CYBER CHATTY CATHYS - What sound does a 500-pound canary make? TWEET!!! Twitter is lame and so are message boards and threads, and now coaches are faced with free speech issues - which have actually been going on for a while - inside their own teams. My rule would be that any team member engaged in public subterfuge and criticism of the team he plays for forfeits the right to be a member of that team.

Even more lame are parents who read and post messages on sites frequented by high school kids. Just like the hippie movement of the ‘60s gave ugly people a place to hide, the cyber world of the millennium gives handles to those not brave enough to stand in front of their opinions.

ONE WITH THE BALL - I interviewed a young African exchange student and soccer player at Westtown Prep many years ago and I remember his going all metaphysical on me, saying, “I like to become one with the ball, to get lost in the moment where there is no thought and no anticipation, just free-flowing movement where the game envelops me and we are one and the same.”

“I feel the same way about a cold bottle of beer,” I told him, feeling he was playing me.

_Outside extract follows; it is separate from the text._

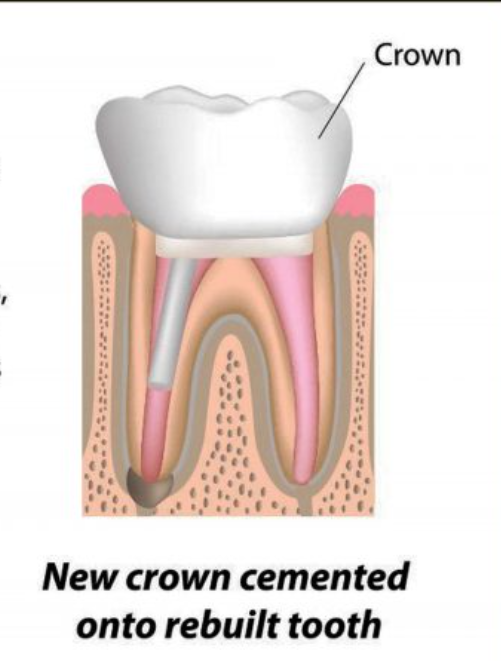 Root Canal + Crown after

But I have been watching too many young people in sports in pursuit of trophies and ribbons and not getting lost in the glory of the moment and I see this as a bad thing. The old “he is just so competitive in everything he does” is not a good thing because sports is not about the beat down, as trite as it may sound, it is about the joy of competition and not the philosophy, “I won, therefore you lost.”

BRING THEM BACK HOME - I would like to have 20 minutes at the first teacherwide in-service to bring in 10 Cape graduates - some as old as 50 and grandparents now - each allotted 90 seconds to tell a personal story about why it is important to never give up on a kid.

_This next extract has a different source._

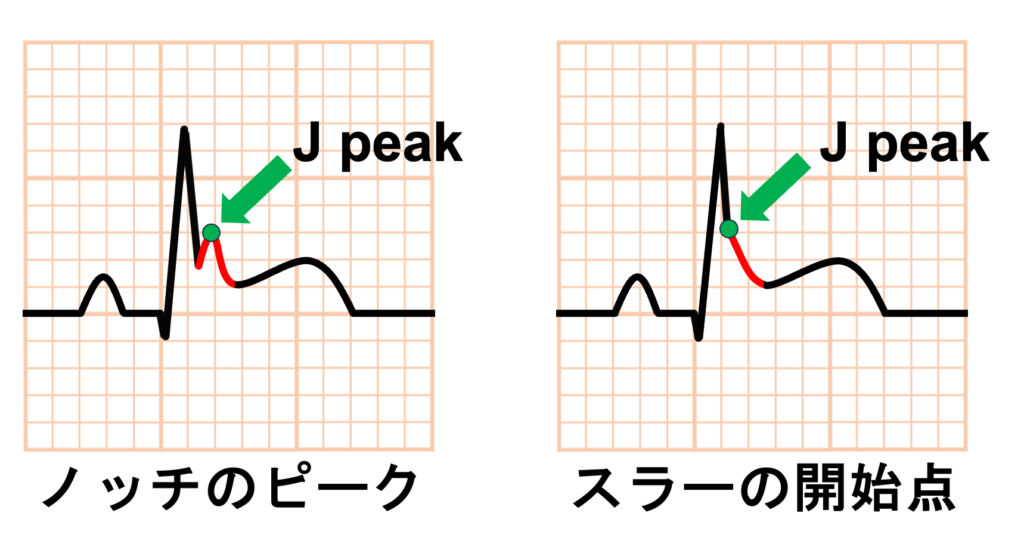J点(J point)
J波がある場合のJ点の扱いに関しては、明らかなノッチがある場合はノッチの頂点をJ点、スラーがある場合はスラーの開始点やピークをJ点とする考え方があります。近年の早期再分極に関連する定義では、ノッチのピークやスラーの開始点をJp(J peak)として扱うことが多いです。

I spoke to a young Afro-American man named Sammy on the fishing pier last Saturday. He told me there isn’t a day that he doesn’t wake up and thank the people from Cape who stood by him when he didn’t deserve it. And my friend since 1976, Chico Beckett, who came around to check on me, sat on my back porch and said, “I love you, coach. You taught me so much about how to live my life.”

And Greg Smock, the new Woodbridge basketball coach, has fond memories of Cape. Just a few days ago he told me of a conversation he had with coach Bud Hitchens and how much it meant to him that Hitchens tried to help him back in his hard-headed high school days and 25 years later was still there for him. The Power of One is what teaching and coaching is all about.

SNIPPETS - The Delaware Diamonds U10 fast pitch softball team is looking for players. Tryouts will be Sunday, Aug. 16, from 5-7 p.m. at Gerald Jester’s field in Georgetown (Wilson Hill Road) off Route 113. If you’re interested or need more details, call Chrissy Spencer at 302-841-4139 or email her at cspencer16266@aol.com.

The National Lifeguard Championships are being held Aug. 6-8 in Fort Lauderdale, Fla. Live results can be found at uslanationals.org.

Wesley College junior lacrosse defender Brooke Bennett (Milton/Cape Henlopen) was named to the All-Capital Athletic Conference Second Team for the second straight year in voting by the conference coaches. It is the third all-conference selection of her career after earning a place on the All-Pennsylvania Athletic Conference before Wesley moved to the CAC.

My total hip replacement is three weeks past surgery and I’m walking a mile twice a day and riding the stationary bike to nowhere as long as my butt can stand it. My physical therapist and friend, John Knarr, will train Vitali Klitschko, a three-time heavyweight champion of the world, for a fight this fall at the Staples Center. John is also the PT professional for younger brother, Wladimir, the reigning heavyweight champion of the world.